No it will be based on win or lose of the game.

Deal?


----------



## Dodger (Oct 20, 2009)

coyoteslayer said:


> > The bet is on the Thursday spread of the game - not win or lose. You take the Utes, I take the Cougars.
> 
> 
> No it will be based on win or lose of the game.
> ...


How is that a fair bet? What motivation do I have to take that bet? You're not selling me on this.


----------



## coyoteslayer (Sep 10, 2007)

Because it will all be decided on the field. Pretty easy. The Utes win I pick your avatar. BYU wins then you pick my avatar.


Deal? Don't be a -/|\- -/|\- -/|\-


----------



## Dodger (Oct 20, 2009)

See, I have no reason to take that bet. The odds are against me. You are going to have to give me a better deal to make me interested in taking the deal. It's not an issue of being a chicken, it's an issue of making a bet that will give me something that I'm interested in.

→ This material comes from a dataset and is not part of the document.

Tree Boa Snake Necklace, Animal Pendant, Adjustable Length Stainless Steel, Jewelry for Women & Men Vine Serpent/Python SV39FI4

What are you offering? You can start with my terms. I'm willing to negotiate.


----------



## coyoteslayer (Sep 10, 2007)

Hey I'm giving up a lot already because you're saying I can't stir the pot until after their bowl games. This is HUGE for me. You say that the Utes are riding the coat tail of BYU so make the bet and own up to what you say.

Don't you believe in BYU? All I care about is win or lose. That is it. 

If I lose then I can't stir the pot anymore if BYU wins and you give me an Avatar of your choice..


----------



## Dodger (Oct 20, 2009)

Wait, so you are taking everything but the spread on the game? Instead of the spread, you just want win or lose?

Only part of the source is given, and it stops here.